By most global indicators, Singapore would probably surpass many advanced nations. For example, Singapore is considered one of the least corrupt countries in the world, it has the lowest tax rates and has the third highest per-capita gross domestic product (GDP) in the world in terms of Purchasing Power Parity. By all means – economically at least – Singapore is considered one of the most open countries.
However, that openness is largely limited to the economy. Even then, only a minority reaps the benefits of Singapore’s open economy. Meanwhile, other aspects of Singaporean society remain surprisingly conservative with strict laws in place to enforce this status quo.
An oft-cited example of this is Singapore’s ban on chewing gum but there are also other laws policing Singaporeans which have larger consequences and far reaching effects on society. Dissent and protest in the country is frowned upon and swiftly clamped down by the government. Laws such as the Public Order Act make public protests in Singapore an extremely rare sight. Another controversial law is the colonial inherited Section 377a which criminalises sex between mutually consenting adult men. While this law is rarely enforced, many see its existence as the state’s refusal to recognise the Lesbian, Gay, Bisexual and Transgender (LGBT) community. In turn, the government’s failure to acknowledge them could embolden homophobic attitudes towards the community.

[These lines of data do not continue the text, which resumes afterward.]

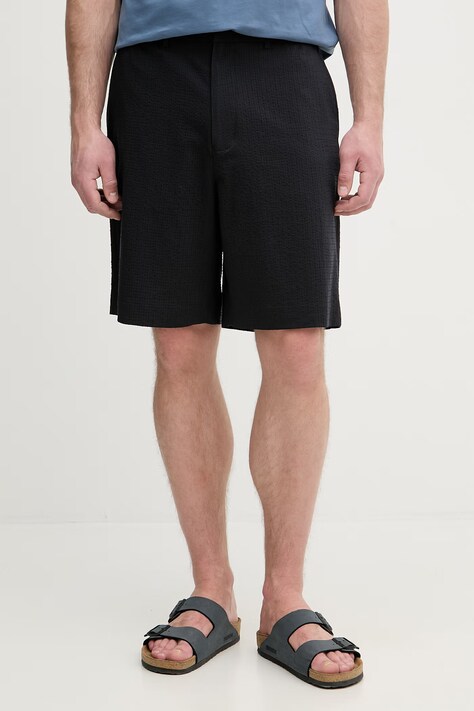 Armani Exchange szorty męskie z lyocellem granatowe regular waist XM002101 AF22363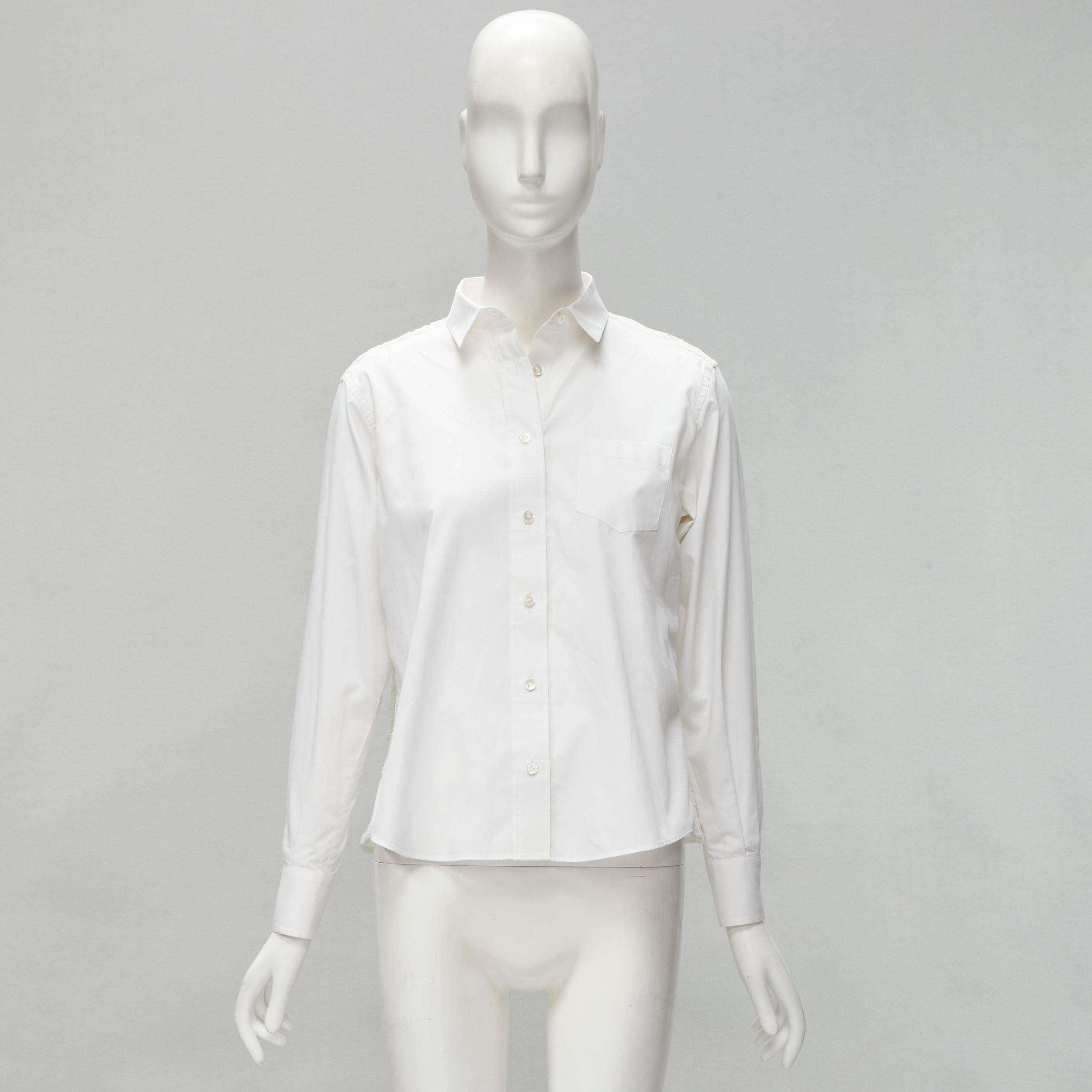 SACAI white cotton floral lace flared back button up shirt JP1 S For Sale 5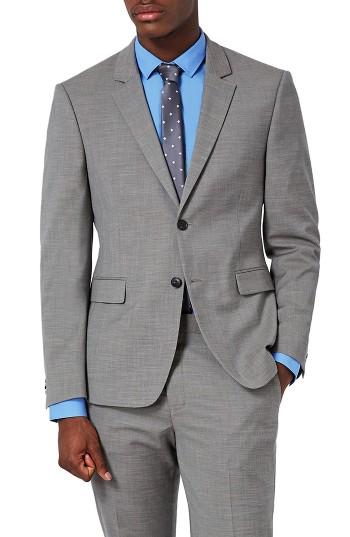 Men's Topman Muscle Fit Suit Jacket - Grey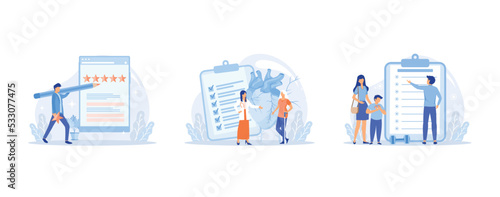 Feedback abstract concept, Ischemic heart disease abstract concept, Overweight kids training plan abstract concept, set flat vector modern illustration
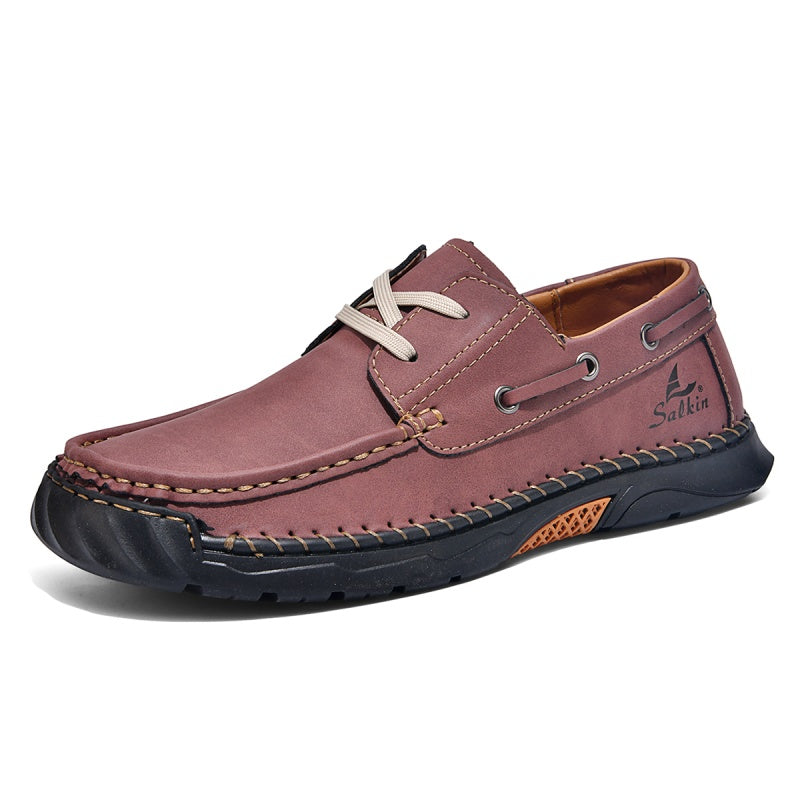 (💥Top Rated Choice)  Men’s Orthopedic Premium Handmade Leather Boat Shoes – Pressure Relief, Waterproof, Slip-Resistant, Wide Toe, Arch&Ankle Support for Everyday & Travel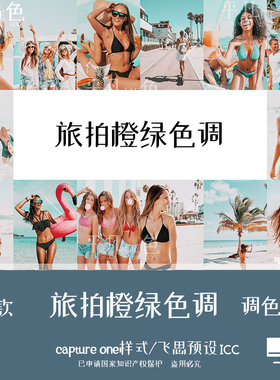 captureone样式 旅拍人像橙绿色调胶片调色滤镜 C1飞思预设CO735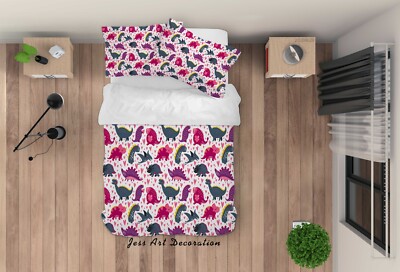 3D Dinosaur Heart Colorful Pattern Quilt Cover Set Bedding Sets Pillowcases 64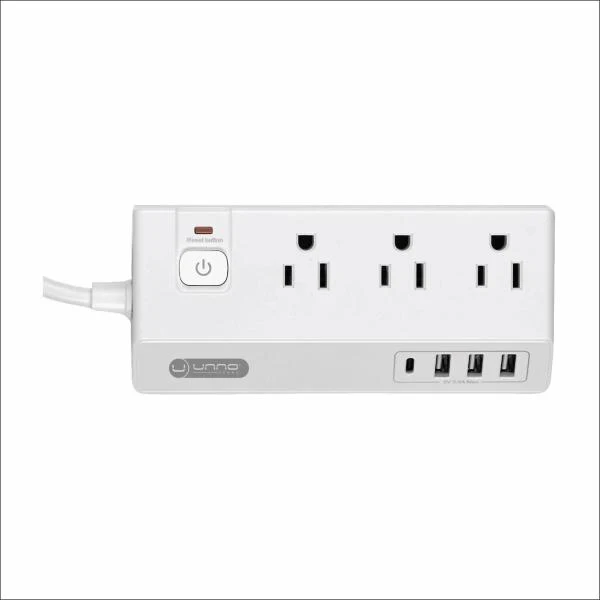 Regleta 7 en 1 3 Tomas AC 3 USB-A 1 USB-C Unno Tekno PW5083WT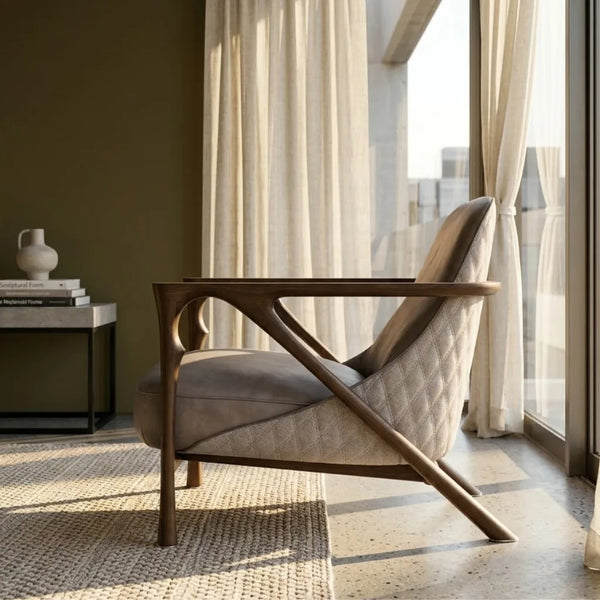 penrith leather armchair with armrests and headrest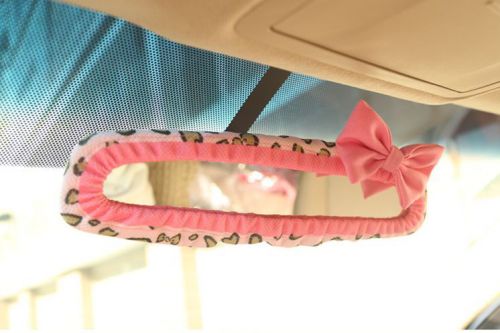 1pc cute car bow rearview mirror cover car accessories - pink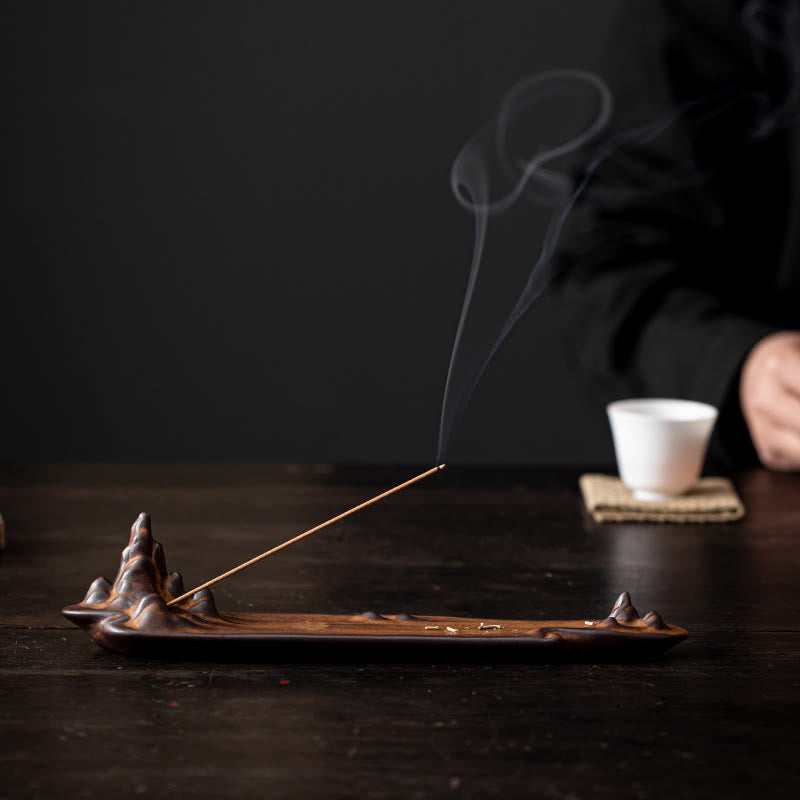 Mountains Boat Design Spiritual Ceramic Stick Incense Burner Decoration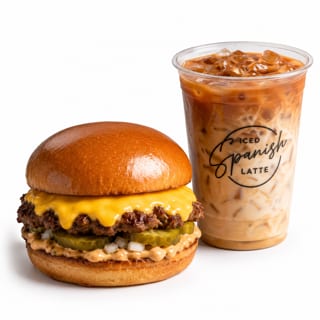 Classic Smash Burger + Iced Spanish Latte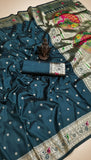 Dark Teal Blue Meenakari Peacock Paithani Soft Silk Sarees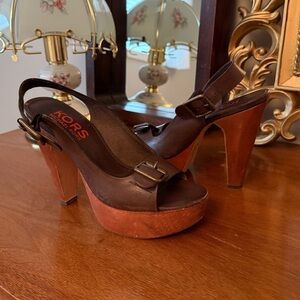 Michael Kors Dark Brown Leather Platform Slingback Heels with Wood-Tone Platform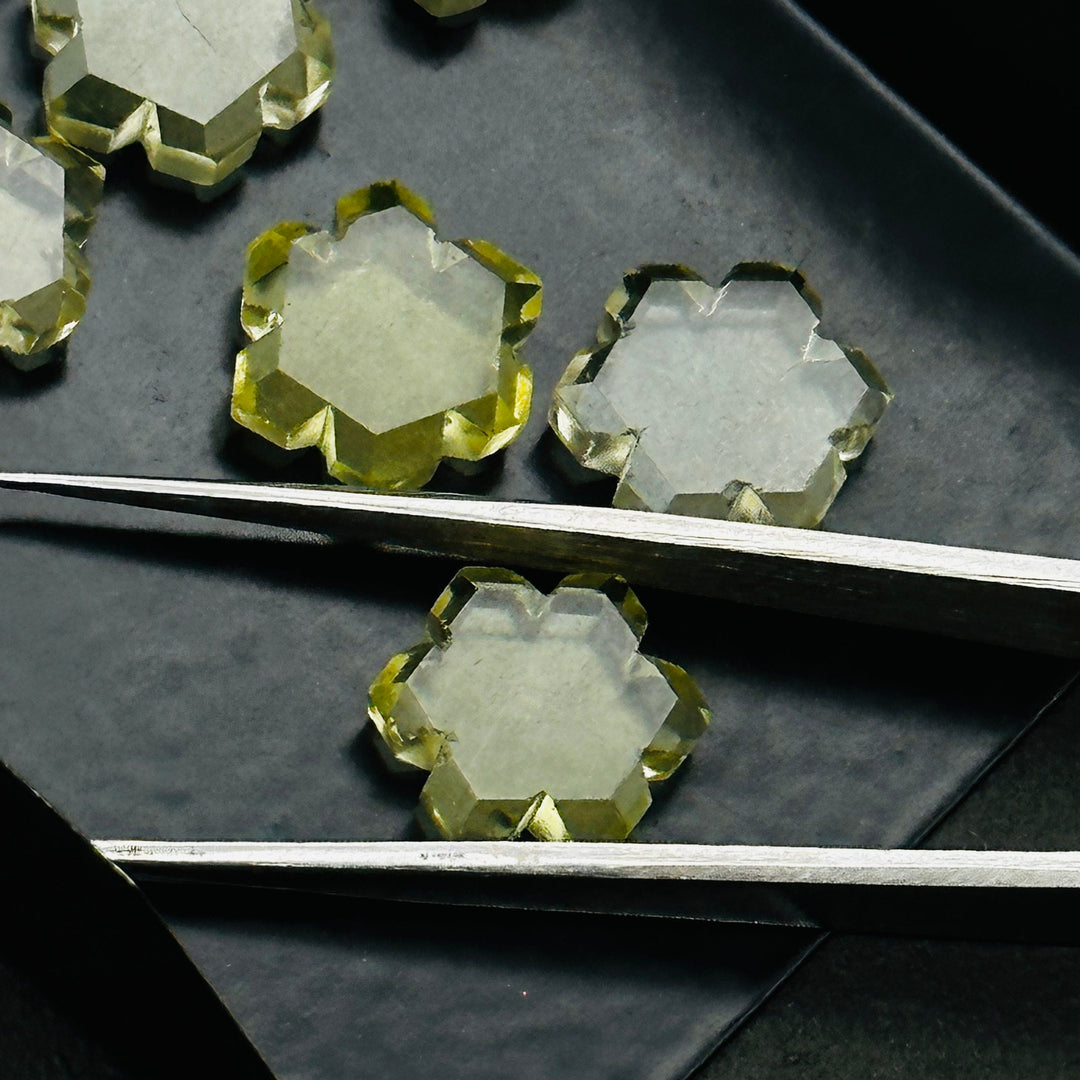 Beautiful Lemon Quartz Flower Shape Beads, 11 MM Lemon Quartz Carved Gemstone, Hexagon Shape Hand Carved Beads, Jewelry & Craft Making Charm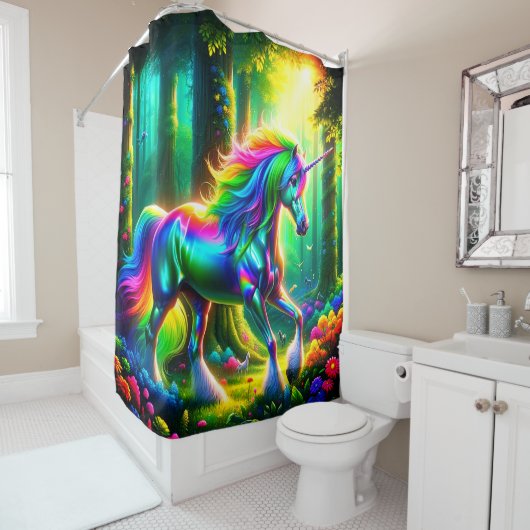 Rainbow Unicorn Douchegordijn (In situ)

There are also fears that this law can still be used to prosecute the community. Singapore’s Attorney-General Lucien Wong mentioned in a statement that the Government has not removed or restricted prosecutorial discretion for Section 377A.
The debate on repealing Section 377a has once again popped up in Singapore’s discourse following India’s Supreme Court decision to strike down the same colonial-era law. Last month, the Indian Supreme Court declared the law criminalising consensual gay sex to be ““irrational, indefensible and manifestly arbitrary”.
With India repealing the law, there is growing pressure on the Singaporean government to repeal Section 377a. Over the past decade, there has been a significant shift in attitude by Singaporeans towards recognising LGBT rights. One instance is the growing support Pink Dot has received. Pink Dot is an annual event celebrating the LGBT community in Singapore. This year saw 20,000 people in attendance for its annual rally, a massive difference from its first rally which only drew a thousand strong crowd.
The increasing number of signatories received by online movement Ready 4 Repeal’s online petition is also indicative of the growing support the LGBT community has received recently. At the time of writing the petition had already received more than 50,000 signatures. Another petition started by Gabriel Tang-Rafferty has received nearly 30,000 signatures.
The motion to repeal the law has also received traction from high profile individuals. Over the years, Pink Dot has received various endorsements from local celebrities. Even influential people in the world of politics, academia and business have come out to speak against the law. Former ambassador to the United States (US) Tommy Koh, former attorney general Walter Woon, Banyan Tree Holdings Ltd. founder and executive chairman Ho Kwon Ping, National University of Singapore board chairman Hsieh Fu Hua, and Shangri-La Hotel Ltd. executive chairman Kay Kuok are among those leading the push against the law. “377A is a bad and unjust law,” said Tommy Koh. “In my view it is also a violation of our constitution.”
Despite the growing movement against the law, the government is still reluctant to debate the law in Parliament. Singapore Law and Home Affairs Minister K Shanmugam said that public opinion is relevant when it comes to changing laws and claims that a majority of Singaporeans still oppose its repeal.
A survey by Ipsos Public Affairs revealed that a slim majority of 55 percent of Singaporeans said that they supported retaining Section 377a. However, the survey revealed that Singapore residents aged 15 to 24 were more likely to oppose the law. Also, 33 percent of Singapore residents agreed with the statement “I am more accepting of same-sex relationships than I was five years ago”. With a majority of youth opposing the law and many admitting that their attitudes have changed, perhaps the question of repealing Section 377a is not a matter of if but when.